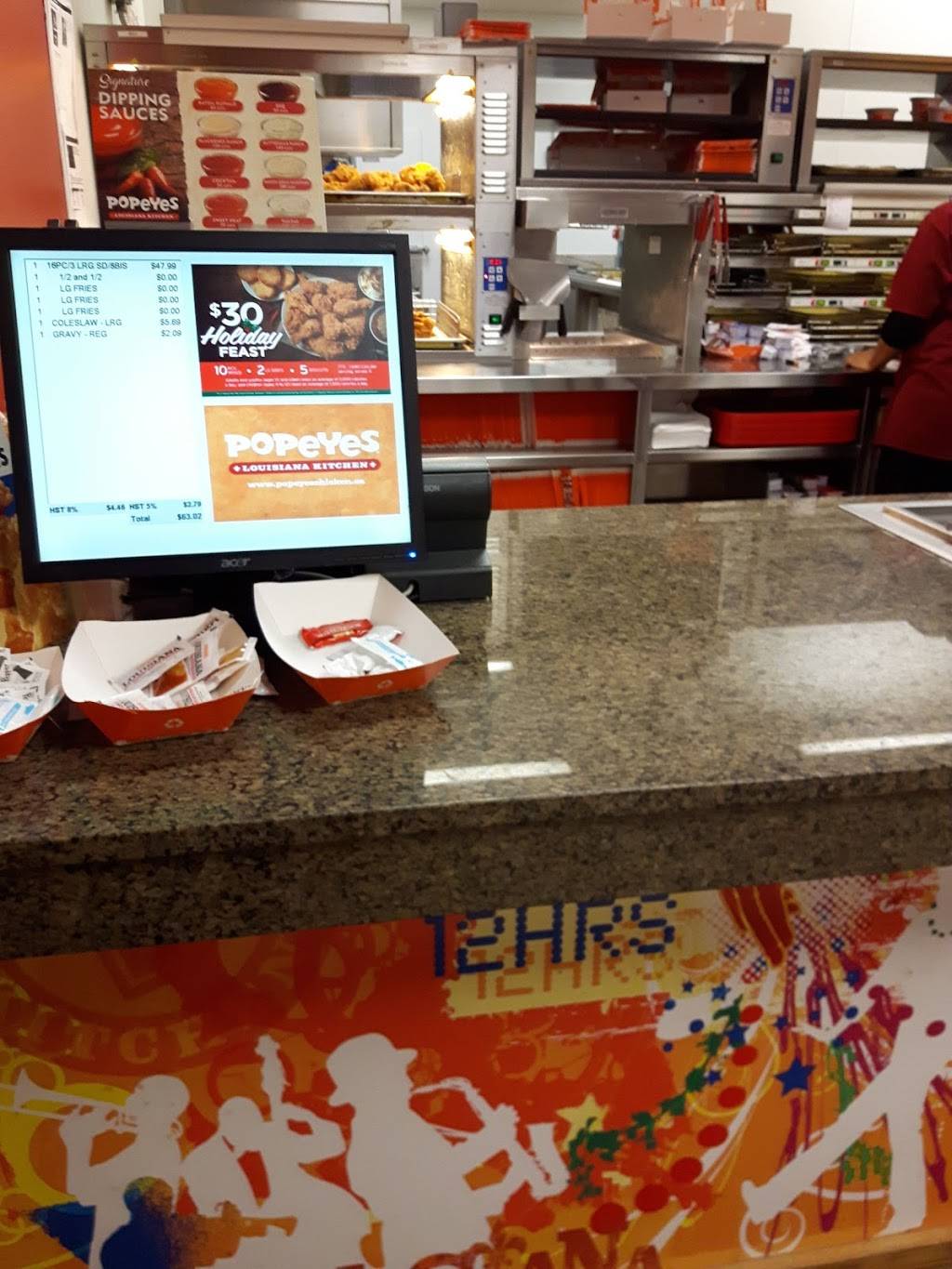 Popeyes Louisana Kitchen | restaurant | 484 Holland St W, Bradford, ON L3Z 0A2, Canada | 9057753028 OR +1 905-775-3028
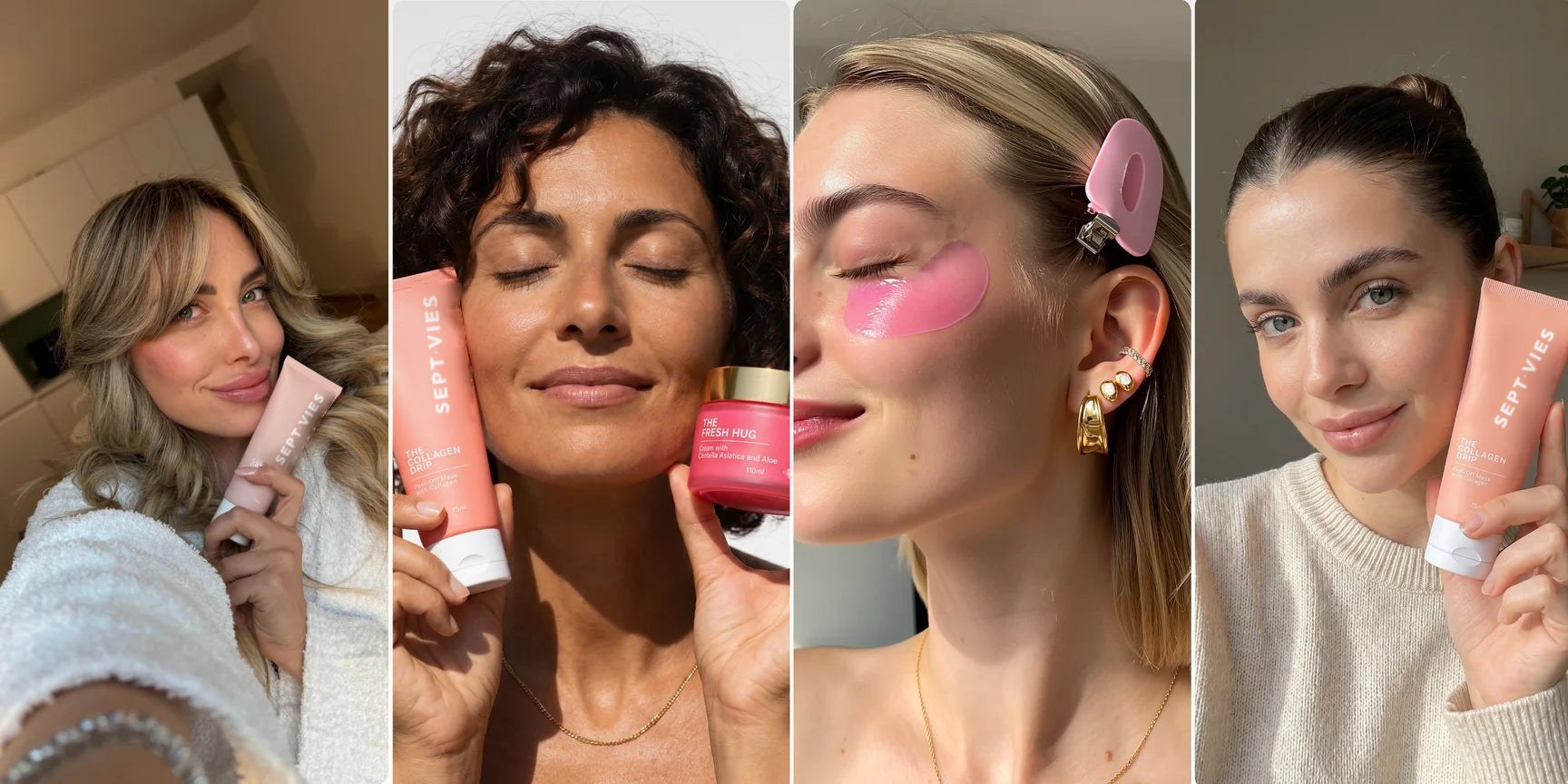 Donne con la Maschera al Collagene SEPT VIES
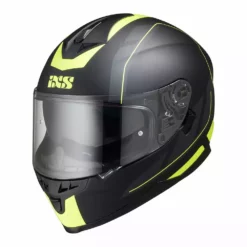 IXS 1100 2.0 Motorradhelm Matte Black Yellow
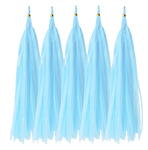 Schwanz für Ballons Blau, Quaste (5Stk)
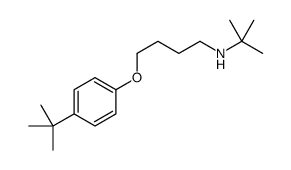 N-tert-butyl-4-(4-tert-butylphenoxy)butan-1-amine结构式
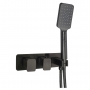 JTP HIX Thermostatic Concealed 2 Outlet Shower Valve with Attached Handset - Brushed Black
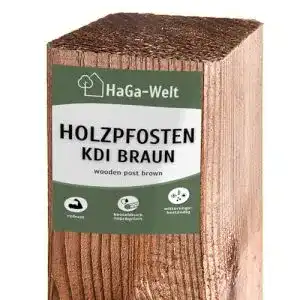 Vierkantholz HaGa PFOSTEN, Zaunpfosten, 7 x 7 x 150cm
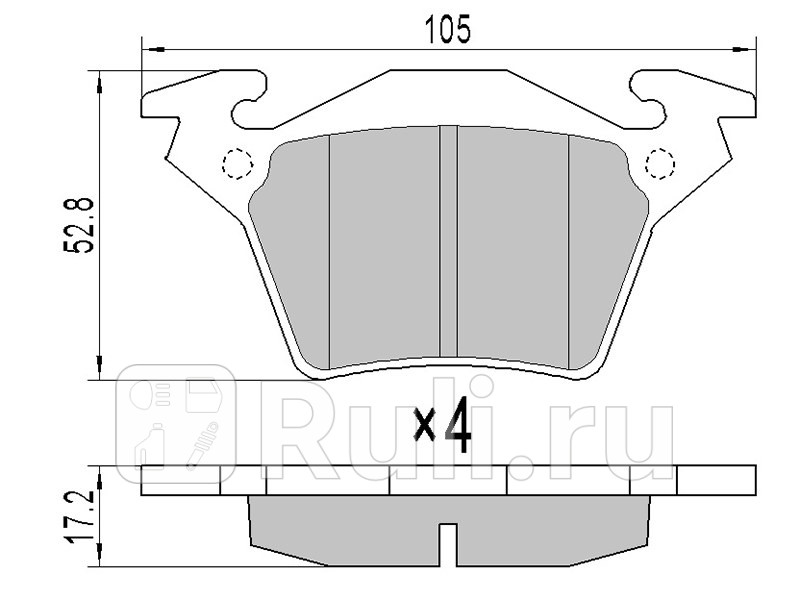 Колодки тормозные зад MERCEDES VITO 96-03 SAT ST-A0034200220 0₽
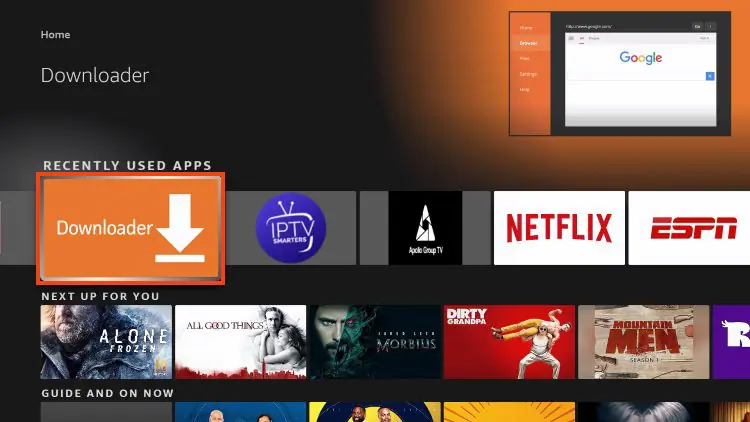 Step 6: Open the Downloader App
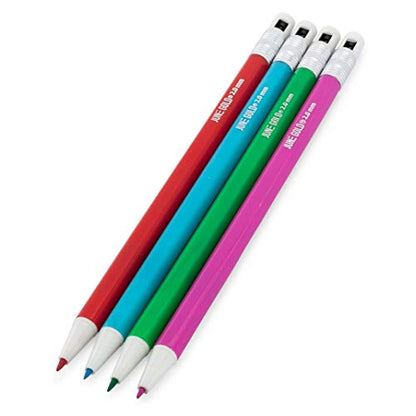 June Gold 36 Uniquely Colored 2.0 mm Mechanical Pencils and a 6 Pack of Gray Kneaded Rubber Erasers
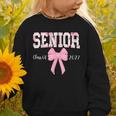 Senior 2027 Floral Pink Bow Back To School Class Of 2027 Graphic Toddler Sweatshirt Senior 2027 Floral Pink Bow Back To School Class Of 2027 Graphic Toddler Sweatshirt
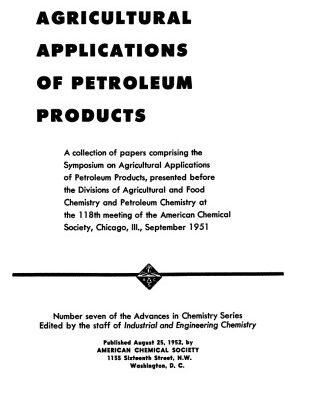 خرید و دانلود نسخه کامل کتاب Agricultural Applications of Petroleum Products (Advances in Chemistry Series 007)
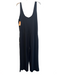 Vuori Size L Black Polyester & Elastane Jersey Sleeveless Round Neck Jumpsuit Black / L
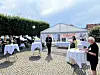 Tidligere i juli var der et lille borgermøde om byudviklingen på Torvet i Sakskøbing med præsentation af skitser i teltet og tale ved Bob Richard Nilsen (Æ)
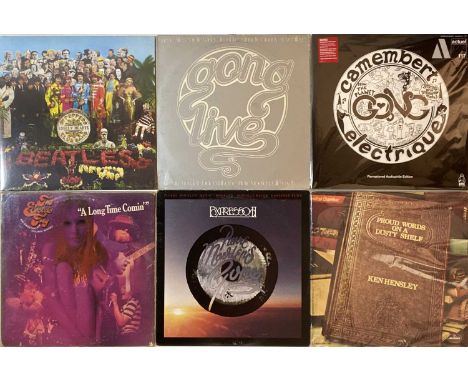 CLASSIC ROCK/ METAL/ POP - LPs. A wonderful collection of around 70 LPs. Artists/ titles include Gong inc Camembert Eletrique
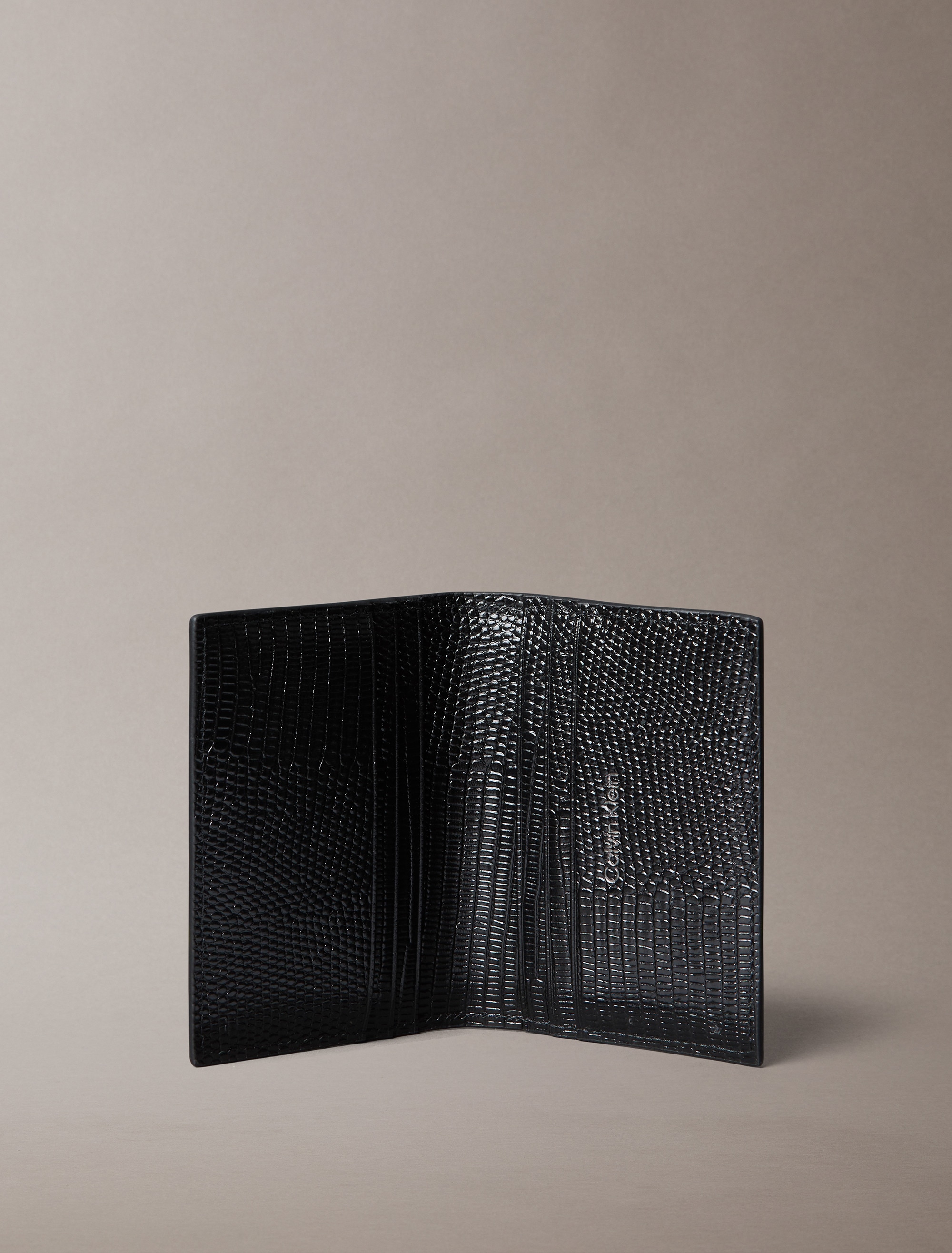 Calvin Klein Geldbörse »FOIL EMBOSS EW BILLFOLD W COIN«, Herren Geldbeutel, Portemonnaie mit Logoschriftzug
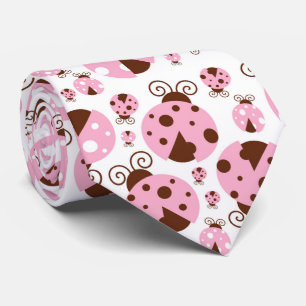 Pattern Of Ladybugs, Cute Ladybugs, Pink Ladybugs Tie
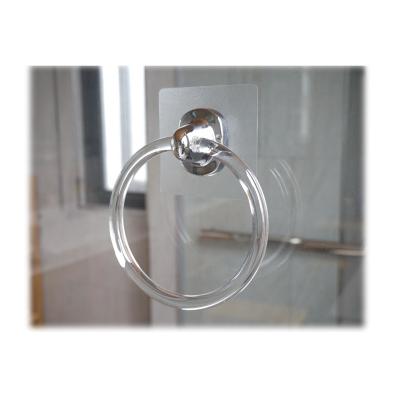 China Eco-friendly Wall Bathroom Towel Holder Sticky Towel Ring for sale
**********
* _WORK TO BE COMPLETED_
Images in the records must not be repeated; everything else should be returned exactly.

* _OUTPUT FOR THIS EXERCISE_
 Popeyes Louisana Kitchen | restaurant | 484 Holland St W, Bradford, ON L3Z 0A2, Canada | 9057753028 OR +1 905-775-3028
 Donne con la Maschera al Collagene SEPT VIES
 IXS 1100 2.0 Motorradhelm Matte Black Yellow
 Schwanz für Ballons Blau, Quaste (5Stk)
 N-tert-butyl-4-(4-tert-butylphenoxy)butan-1-amine结构式
 JTP HIX Thermostatic Concealed 2 Outlet Shower Valve with Attached Handset - Brushed Black
 Vierkantholz HaGa PFOSTEN, Zaunpfosten, 7 x 7 x 150cm
 Колодки тормозные зад MERCEDES VITO 96-03 SAT ST-A0034200220 0₽
 Step 6: Open the Downloader App
 June Gold 36 Uniquely Colored 2.0 mm Mechanical Pencils and a 6 Pack of Gray Kneaded Rubber Erasers
 Senior 2027 Floral Pink Bow Back To School Class Of 2027 Graphic Toddler Sweatshirt Senior 2027 Floral Pink Bow Back To School Class Of 2027 Graphic Toddler Sweatshirt
 خرید و دانلود نسخه کامل کتاب Agricultural Applications of Petroleum Products (Advances in Chemistry Series 007)
 Vuori Size L Black Polyester & Elastane Jersey Sleeveless Round Neck Jumpsuit Black / L
 Tidligere i juli var der et lille borgermøde om byudviklingen på Torvet i Sakskøbing med præsentation af skitser i teltet og tale ved Bob Richard Nilsen (Æ)
 CLASSIC ROCK/ METAL/ POP - LPs. A wonderful collection of around 70 LPs. Artists/ titles include Gong inc Camembert Eletrique
 Calvin Klein Geldbörse »FOIL EMBOSS EW BILLFOLD W COIN«, Herren Geldbeutel, Portemonnaie mit Logoschriftzug
 Pattern Of Ladybugs, Cute Ladybugs, Pink Ladybugs Tie
 China Eco-friendly Wall Bathroom Towel Holder Sticky Towel Ring for sale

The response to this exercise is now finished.